§ **YOUR OBJECTIVE**
From the first line to the last, copy the material word for word; pictures stay out.

§ **DATASET EXCERPT**
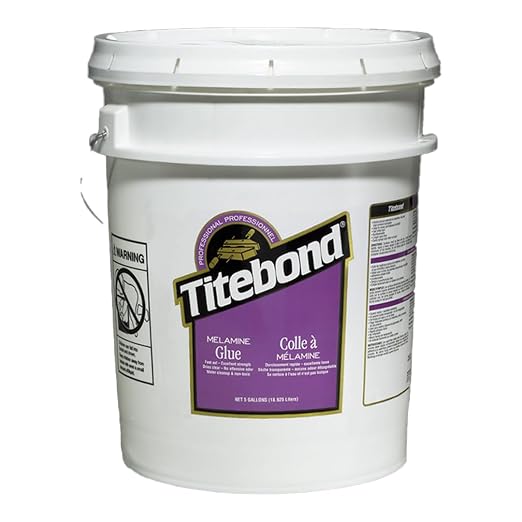 Titebond Melamine Glue, 5 Gal. – Bonds Vinyl, HPL, Wood, MDF & Particleboard, 4017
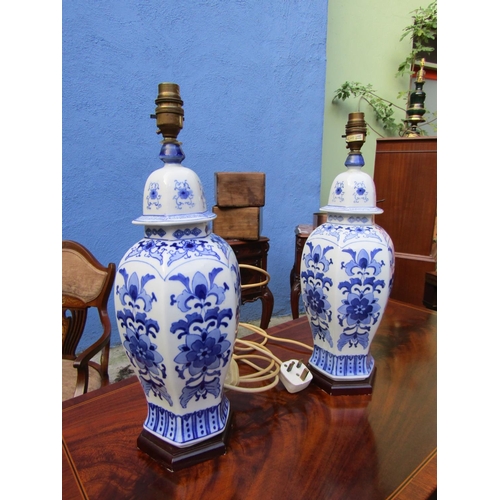 1825 - Pair of Blue and White Table Lamps Shaped Form Electrified Working Order Each Approximately 15 Inche... 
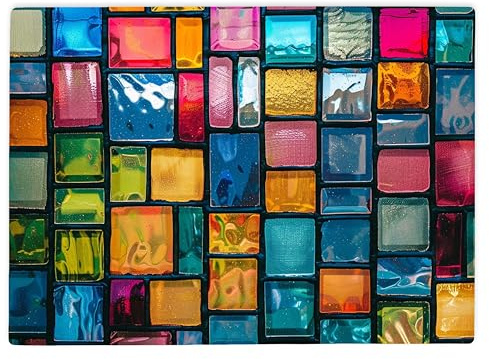 Shopagift Colourful Stained Glass Grid Glass Chopping Board Large Kitchen Worktop Saver 39cm x 28cm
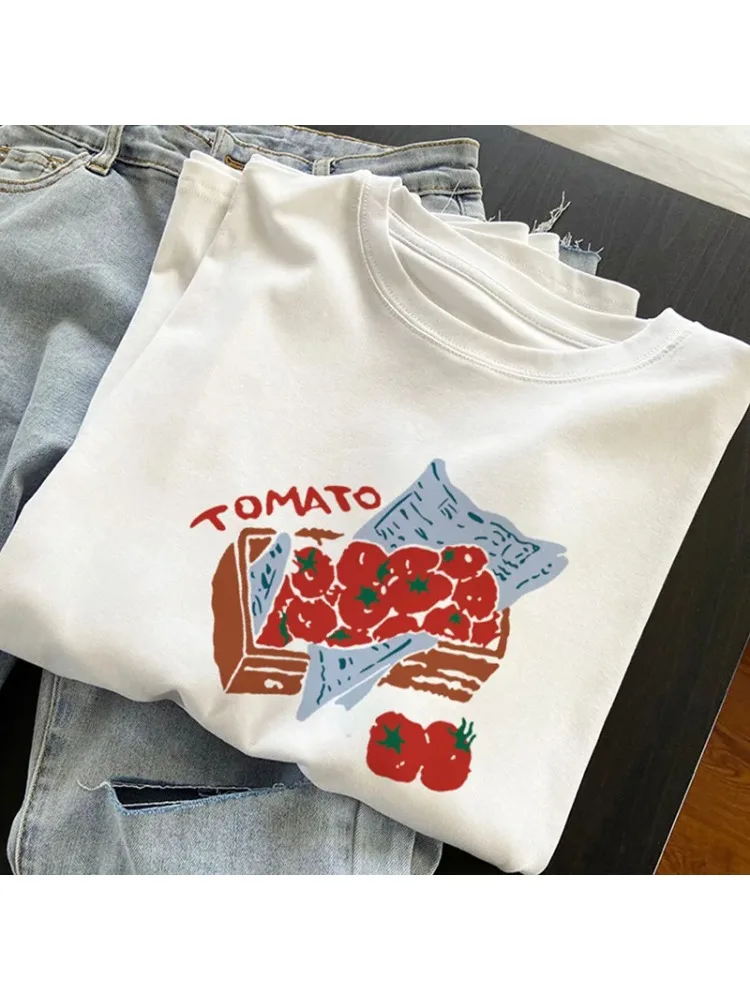 T-Shirt manches courtes femme, Vintage, Style tomate, imprimé soleil et mains, décontracté, ample, esthétique, zodiaque, mignon, à la mode, Y2K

§ **EXERCISE SOLUTION**
 Titebond Melamine Glue, 5 Gal. – Bonds Vinyl, HPL, Wood, MDF & Particleboard, 4017
 1825 - Pair of Blue and White Table Lamps Shaped Form Electrified Working Order Each Approximately 15 Inche... 
 Shopagift Colourful Stained Glass Grid Glass Chopping Board Large Kitchen Worktop Saver 39cm x 28cm
 T-Shirt manches courtes femme, Vintage, Style tomate, imprimé soleil et mains, décontracté, ample, esthétique, zodiaque, mignon, à la mode, Y2K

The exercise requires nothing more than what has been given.